Noch so ein Bruch der Logik, mit dem Kafka ganz bestimmt gerechnet hat. Und natürlich hat Krimstein recht: Kafka und Einstein passen zusammen. Das waren in diesem Jahr in Prag die beiden Geister, die sich am nächsten waren. Auch wenn Einstein wohl wirklich die meiste Zeit damit zu kämpfen hatte, seine Theorie endlich richtig hinzukriegen.
Und dann wieder wegzukommen aus Prag, denn die Karls-Universität war eben doch nicht nur ein bisschen altbacken, sondern auch ein Exempel ausufernder und nicht zu beseitigender Bürokratie. Die ein Einstein einfach nicht vertragen konnte.
Denn Bürokratie verhindert Veränderung. Auch deshalb wird sie von all jenen, die immerfort Bürokratieabbau fordern, immer weiter gehätschelt und gepampert. Man könnte ja sonst die Kontrolle verlieren über die Welt, die Menschen und das, was passieren könnte. Und dann? Landet man dann in einer Einstein-Welt? Nicht auszudenken!
Ein besonderes Jahr
Obwohl wir alle in einer Einstein-Welt leben, an der Krimstein mit dieser Graphic Novel ganz offensichtlich jede Menge Spaß hat. Auch wenn er im Anhang dann verrät, welche Berge von Literatur er erst einmal verschlungen hat, bevor er sich daran wagte, dieses besondere Jahr 1911 im Leben von Kafka und Einstein zu zeichnen.
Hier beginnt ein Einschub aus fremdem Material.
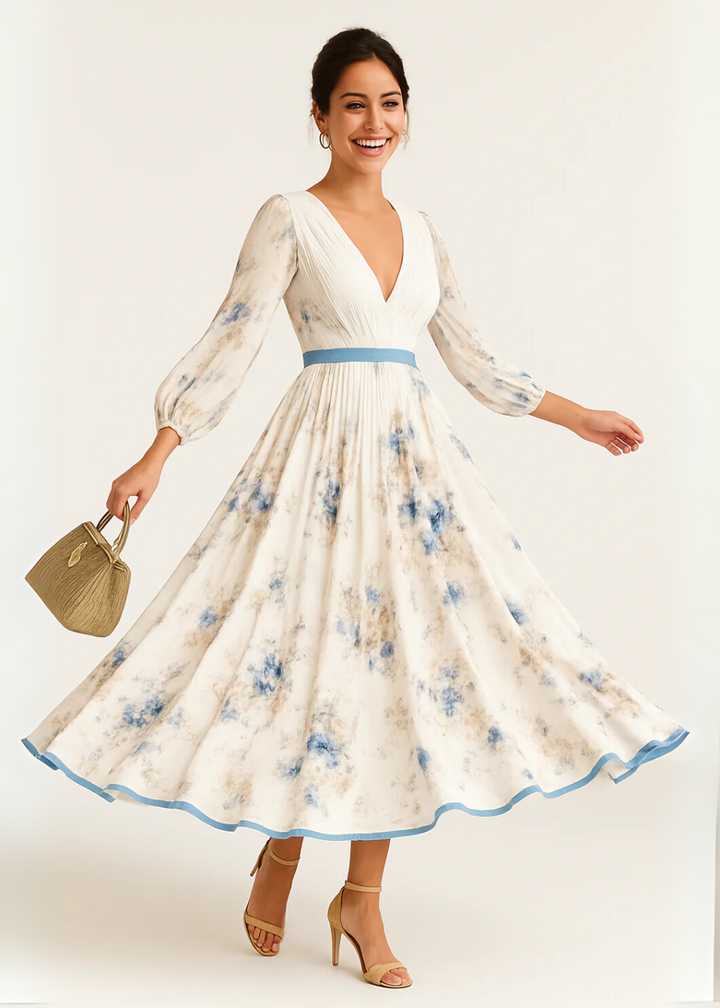 Floral maxi dress with V-neck and long puff sleeves, pleated skirt, blue trim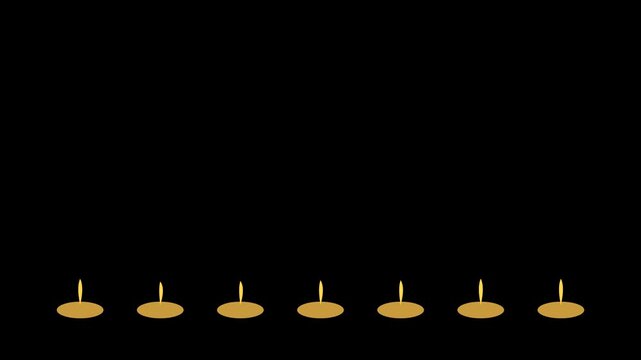 Row of golden diyas horizontal pattern on black background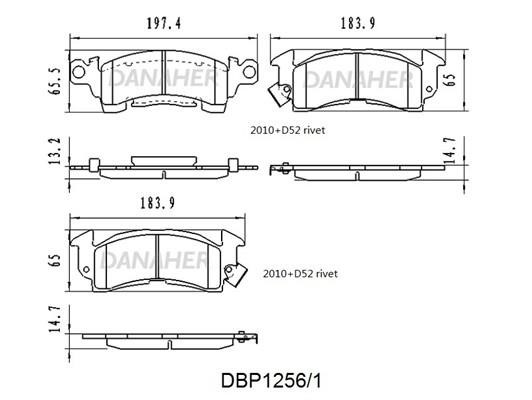 Danaher DBP1256/1 Brake Pad Set, disc brake DBP12561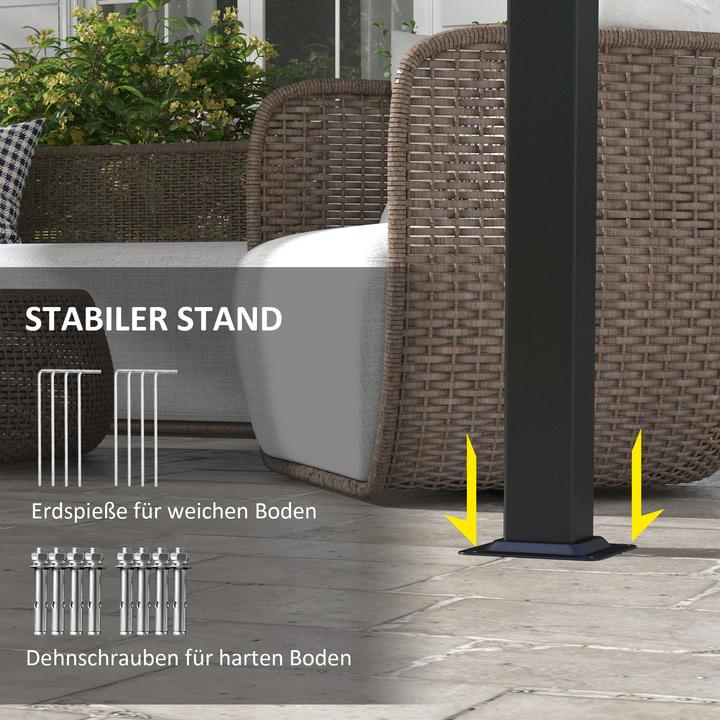 Image du produit Outsunny Pergola Stahl, Polyesterstoff Dunkelgrau (357 cm, 296 cm)
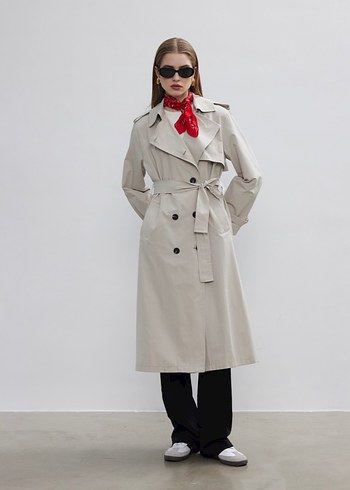 Gri Midi Trençkot, Kemerli, Regular Fit - Görsel 3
Einstein reist ab, zurück Richtung Zürich, als er die Sache mit der Gravitation endlich hinbekommen hat. Und Kafka? Vielleicht saß er genau in diesen Nächten stets in seiner Kammer und feilte an der Erzählung „Das Urteil“, mit der er 1912 in die Welt der Literatur eintreten würde.
Es ist eine faszinierende Geschichte. Aber das meiste, was Krimstein hier in Szene gesetzt hat, ist belegt und tatsächlich passiert. Und wo Wikipedia so lax einfach drüber weggeht, erweist sich das Prager Jahr für Einstein als das Entscheidende bei der Entwicklung der Relativitätstheorie.
Fast möchte man die Geschichte weiterspinnen. Was wäre passiert, hätten die beiden noch mehr miteinander anfangen können? Nicht auszudenken. Aber manchmal ist auch die Abfahrt eines Zuges das richtige Ende für eine Geschichte. Das ist dann der 25. Juli 1912. Zwischenzeitlich wurde die Mona Lisa aus dem Louvre geklaut, die „Titanic“ ist untergegangen und Roald Amundsen hat den Südpol erreicht.
Thomas Edison hat Prag besucht, aber augenscheinlich nicht mal geahnt, dass gleichzeitig Kafka und Einstein in der Stadt waren. Sie waren ja noch nicht berühmt. Wie das oft so ist in den spannendsten Geschichten: Wenn die Leute erst mal berühmt sind, ist der eigentlich spannende Moment schon geschehen. In einer besonderen Stadt zu einer besonderen Zeit.
Es ist eine Graphic Novel, die zwei Welten kollidieren lässt, die tatsächlich zusammengehören. Und die eigentlich unser modernes Denken befeuern könnten, würden die meisten Leute nicht immer noch bei Euklid und Aristoteles herumhängen und die Panik kriegen, wenn Gleichungen mehr als eine Unbekannte aufweisen.
Ken Krimstein Einstein in Kafkaland Kjona Verlag, München 2025, 25 Euro.